Personal information
- Full name: Adam Garton
- Born: 17 January 1962 (age 64)
- Original team: Glenelg (SANFL)
- Draft: No. 27, 1986 national draft
- Height: 194 cm (6 ft 4 in)
- Weight: 94 kg (207 lb)

Playing career^{1}
- Years: Club / Games (Goals)
- 1982–1986 & 1989: Glenelg / 90 (72)
- 1987–1988: Brisbane Bears / 03 0(1)
- ^{1} Playing statistics correct to the end of 1989.

= Adam Garton =

Australian rules footballer (born 1962)

Adam Garton (born 17 January 1962) is a former Australian rules footballer who played with the Brisbane Bears in the Victorian Football League (VFL).

Originally from ACT AFL club West Canberra, Garton was a member of Glenelg's back to back South Australian National Football League (SANFL) premiership winning teams in 1985 and 1986. He contributed four goals in their 1985 grand final win over North Adelaide.

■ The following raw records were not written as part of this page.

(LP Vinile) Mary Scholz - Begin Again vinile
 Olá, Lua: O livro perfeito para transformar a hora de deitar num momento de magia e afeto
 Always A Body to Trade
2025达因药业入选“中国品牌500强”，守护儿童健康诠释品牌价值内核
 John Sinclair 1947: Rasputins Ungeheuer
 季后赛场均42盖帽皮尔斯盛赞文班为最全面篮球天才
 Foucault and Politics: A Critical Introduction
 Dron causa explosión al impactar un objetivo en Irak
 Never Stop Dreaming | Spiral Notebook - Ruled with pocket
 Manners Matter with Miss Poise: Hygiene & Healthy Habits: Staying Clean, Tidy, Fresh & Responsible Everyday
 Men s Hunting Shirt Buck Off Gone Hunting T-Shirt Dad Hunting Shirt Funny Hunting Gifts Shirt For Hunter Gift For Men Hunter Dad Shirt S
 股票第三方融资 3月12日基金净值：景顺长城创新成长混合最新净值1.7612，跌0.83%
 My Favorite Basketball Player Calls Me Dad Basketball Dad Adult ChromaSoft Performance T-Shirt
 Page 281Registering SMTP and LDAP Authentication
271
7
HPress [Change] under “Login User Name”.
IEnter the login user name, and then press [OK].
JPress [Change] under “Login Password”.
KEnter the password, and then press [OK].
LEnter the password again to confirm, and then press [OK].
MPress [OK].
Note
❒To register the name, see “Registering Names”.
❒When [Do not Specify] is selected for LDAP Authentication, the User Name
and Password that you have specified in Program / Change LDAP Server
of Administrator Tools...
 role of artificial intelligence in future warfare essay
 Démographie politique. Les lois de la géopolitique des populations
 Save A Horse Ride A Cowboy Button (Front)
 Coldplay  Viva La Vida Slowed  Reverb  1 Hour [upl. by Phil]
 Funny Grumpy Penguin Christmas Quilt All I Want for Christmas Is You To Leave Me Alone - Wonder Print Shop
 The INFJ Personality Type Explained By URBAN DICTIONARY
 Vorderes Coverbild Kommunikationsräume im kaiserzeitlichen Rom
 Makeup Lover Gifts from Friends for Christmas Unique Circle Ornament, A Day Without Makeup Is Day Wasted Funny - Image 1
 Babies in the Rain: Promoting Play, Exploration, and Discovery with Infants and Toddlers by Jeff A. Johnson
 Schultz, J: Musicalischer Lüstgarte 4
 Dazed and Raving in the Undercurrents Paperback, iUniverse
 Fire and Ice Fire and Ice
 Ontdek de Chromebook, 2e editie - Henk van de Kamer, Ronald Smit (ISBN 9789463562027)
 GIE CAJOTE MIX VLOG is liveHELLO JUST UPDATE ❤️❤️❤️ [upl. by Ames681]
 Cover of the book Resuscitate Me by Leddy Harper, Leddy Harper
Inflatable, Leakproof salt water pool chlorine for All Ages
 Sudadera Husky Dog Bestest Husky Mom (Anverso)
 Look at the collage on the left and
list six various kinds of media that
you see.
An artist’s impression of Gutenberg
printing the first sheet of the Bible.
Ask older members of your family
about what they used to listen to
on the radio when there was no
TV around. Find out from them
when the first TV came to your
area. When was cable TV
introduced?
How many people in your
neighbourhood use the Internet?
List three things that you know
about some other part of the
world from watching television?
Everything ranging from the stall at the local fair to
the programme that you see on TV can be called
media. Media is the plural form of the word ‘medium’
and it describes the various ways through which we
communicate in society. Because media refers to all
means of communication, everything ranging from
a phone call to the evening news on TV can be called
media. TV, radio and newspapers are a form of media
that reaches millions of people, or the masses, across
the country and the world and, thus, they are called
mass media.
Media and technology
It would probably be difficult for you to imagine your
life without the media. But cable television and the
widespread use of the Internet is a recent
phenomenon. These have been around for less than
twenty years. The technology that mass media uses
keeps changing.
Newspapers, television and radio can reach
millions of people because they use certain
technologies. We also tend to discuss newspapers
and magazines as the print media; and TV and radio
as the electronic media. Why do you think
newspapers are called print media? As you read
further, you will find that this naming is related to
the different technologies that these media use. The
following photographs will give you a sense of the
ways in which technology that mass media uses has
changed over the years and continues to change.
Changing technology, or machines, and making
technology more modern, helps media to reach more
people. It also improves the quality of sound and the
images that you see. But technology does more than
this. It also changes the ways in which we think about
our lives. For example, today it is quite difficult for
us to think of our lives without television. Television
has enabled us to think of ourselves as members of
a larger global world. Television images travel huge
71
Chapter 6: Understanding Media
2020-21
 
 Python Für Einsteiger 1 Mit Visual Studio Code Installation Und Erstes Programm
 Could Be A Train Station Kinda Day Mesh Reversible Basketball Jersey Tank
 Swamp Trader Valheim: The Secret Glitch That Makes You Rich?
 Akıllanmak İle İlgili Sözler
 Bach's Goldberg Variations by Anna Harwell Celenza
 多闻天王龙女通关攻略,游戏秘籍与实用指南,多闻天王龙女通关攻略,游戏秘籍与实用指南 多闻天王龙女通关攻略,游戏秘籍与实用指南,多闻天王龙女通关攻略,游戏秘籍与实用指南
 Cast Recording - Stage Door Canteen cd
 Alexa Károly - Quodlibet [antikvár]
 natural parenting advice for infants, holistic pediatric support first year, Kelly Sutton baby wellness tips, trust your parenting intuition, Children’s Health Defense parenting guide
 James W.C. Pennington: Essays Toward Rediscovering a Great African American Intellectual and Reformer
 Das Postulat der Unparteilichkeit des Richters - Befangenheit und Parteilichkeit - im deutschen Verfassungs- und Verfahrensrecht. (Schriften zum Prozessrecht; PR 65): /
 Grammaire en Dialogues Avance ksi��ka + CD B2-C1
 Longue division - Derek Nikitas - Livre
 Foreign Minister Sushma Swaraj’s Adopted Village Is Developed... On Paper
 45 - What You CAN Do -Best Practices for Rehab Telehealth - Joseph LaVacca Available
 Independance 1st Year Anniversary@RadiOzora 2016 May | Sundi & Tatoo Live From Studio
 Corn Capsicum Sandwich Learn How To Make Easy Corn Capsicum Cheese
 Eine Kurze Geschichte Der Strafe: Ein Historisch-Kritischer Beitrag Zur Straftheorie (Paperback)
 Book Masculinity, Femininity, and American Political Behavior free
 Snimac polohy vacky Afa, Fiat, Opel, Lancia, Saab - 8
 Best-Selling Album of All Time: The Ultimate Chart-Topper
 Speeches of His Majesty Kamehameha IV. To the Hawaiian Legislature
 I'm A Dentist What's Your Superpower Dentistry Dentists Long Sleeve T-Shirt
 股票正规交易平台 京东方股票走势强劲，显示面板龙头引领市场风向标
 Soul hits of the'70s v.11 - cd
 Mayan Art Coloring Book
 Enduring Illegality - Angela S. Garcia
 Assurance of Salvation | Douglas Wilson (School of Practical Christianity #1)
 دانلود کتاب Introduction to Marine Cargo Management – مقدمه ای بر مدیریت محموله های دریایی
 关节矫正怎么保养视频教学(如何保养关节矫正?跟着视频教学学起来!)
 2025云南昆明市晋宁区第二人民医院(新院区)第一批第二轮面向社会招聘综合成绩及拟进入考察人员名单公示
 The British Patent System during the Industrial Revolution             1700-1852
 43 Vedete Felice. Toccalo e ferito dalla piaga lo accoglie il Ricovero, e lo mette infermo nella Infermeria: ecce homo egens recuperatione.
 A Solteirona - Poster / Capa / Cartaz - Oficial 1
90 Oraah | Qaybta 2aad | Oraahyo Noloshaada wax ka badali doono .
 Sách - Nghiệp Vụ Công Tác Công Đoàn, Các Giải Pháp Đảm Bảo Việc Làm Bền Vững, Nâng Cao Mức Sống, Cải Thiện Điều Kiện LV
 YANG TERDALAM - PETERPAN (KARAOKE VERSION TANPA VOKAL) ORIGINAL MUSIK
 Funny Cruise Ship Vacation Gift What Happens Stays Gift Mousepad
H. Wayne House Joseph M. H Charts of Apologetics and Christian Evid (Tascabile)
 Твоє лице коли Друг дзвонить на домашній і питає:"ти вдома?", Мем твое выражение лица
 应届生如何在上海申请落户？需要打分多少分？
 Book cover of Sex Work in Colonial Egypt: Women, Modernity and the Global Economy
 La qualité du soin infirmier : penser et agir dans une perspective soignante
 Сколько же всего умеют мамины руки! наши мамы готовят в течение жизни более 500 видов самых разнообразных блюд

Garton joined Brisbane for their inaugural VFL season in 1987, having been picked up from Glenelg with the 27th selection of the 1986 VFL Draft. Garton, now aged 25, made his league debut in a 103-point loss to Carlton and during the match kicked his only VFL goal. He appeared again the following week when the Bears met the Sydney Swans at Carrara but would have to wait until 1988 to play his third and final game, against Melbourne on the MCG.

After leaving the Bears, Garton returned to Glenelg for one season before moving back to Queensland and has been involved with the Southport Australian Football Club as both a board member and interchange steward. Garton runs an architecture firm in Brisbane.